There’s nothing to say in return. No comfort he can offer from an empty glass. Yuuji looks away, back at their hands. At Gojou’s pale fingers and his own bruised knuckles.
What else is there to say but it’s over?
Gojou seems to shake himself, then, like shrugging off a ghost.
“You did well,” he says as he turns Yuuji’s hand over, presses a fingertip idly to the meat of it. It’s a deflection, probably, and Yuuji thinks he understands. He wouldn’t want to talk about it either. He doesn’t want to talk about anything.
“Thanks,” Yuuji says. He’s not sure if he means it, but it’s nice to be praised. He doesn’t feel much like he’s done well. Doesn’t think he deserves the praise.
He takes it, though, because what else is there to say? Arguing the point would be exhausting and he’s already so, so tired.

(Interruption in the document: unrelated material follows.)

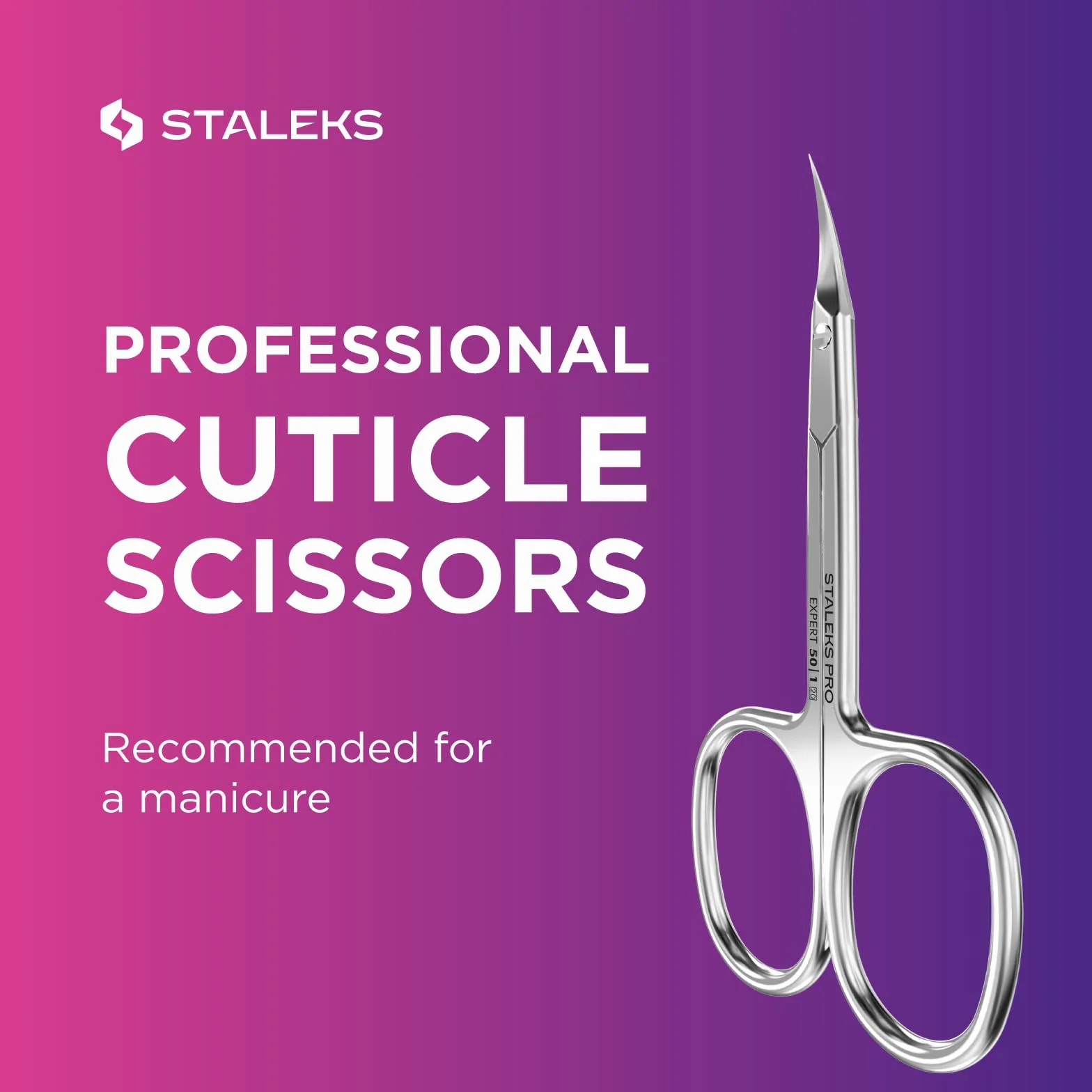 STALEKS PRO Expert 50 Forbici professionali per cuticole SE-50/1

The cart rolls by in the hall again. Gojou traces a line from the centre of his hand to his wrist, and then follows the trail of veins like a roadmap. Yuuji wonders what the lines in his palm say. Wonders if there is some part of him, pre-written, that could have predicted this and could tell him where to go, now. What to do.
“D’you want a hug?”
And Yuuji blinks up at his teacher again, eyes bleary and exhausted and wide because: what a strange, silly thing to ask. Does he want a hug? Does he want to be comforted, when it feels like there will never be comfort in the world again?
He listens to the rattling of the cart as it fades down the hall. He counts the beats of his heart in time with Gojou’s fingers, tip-toeing up his arm until they reach the bend of his elbow.

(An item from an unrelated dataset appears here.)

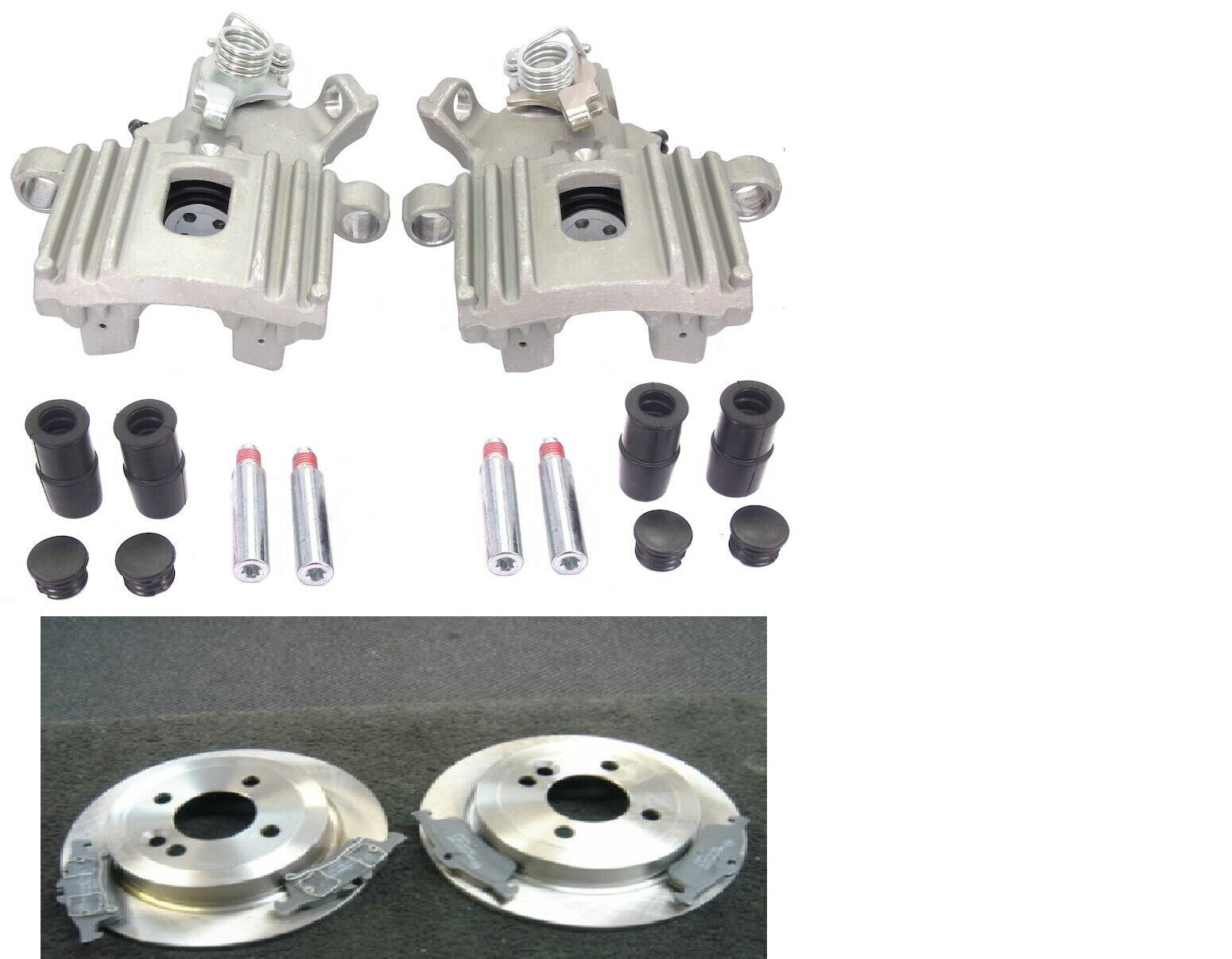 2 REAR BRAKE CALIPER BRAKE DISC PADS MINI ONE COOPER S CONVERTIBLE R50 R53 01-03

“Yeah,” Yuuji says. He does. He does want a hug and it makes him feel even smaller and more childish than ever before but he wants that. Wants to touch, wants to hold and be held and be told things might be okay, someday.
The chair scuffs against the floor again and Gojou leans over him, slips an arm behind his shoulders, pulls him to his chest. He’s warm and solid. His heartbeat is steady. He feels very much alive, blood thrumming and pumping and vital.
It’s awkward to get his good arm around Gojou but he manages, curls his fingers in the back of his teacher’s shirt and hides his face against the sharp ridge of a collarbone. He’s crying again. It’s okay to cry, he reminds himself, but that doesn’t mean he wants Gojou to see it happening any more than he already has.
“It’ll be okay,” Gojou says into his hair. His voice is soft and it rumbles in his chest like the purring of a cat. “Someday. It doesn’t have to be okay now, but someday.”
And Yuuji nods, helplessly, all bruise-tender and exposed nerves.
Someday, he thinks, and he clings to it the way he clings to Gojou; so tight that it hurts.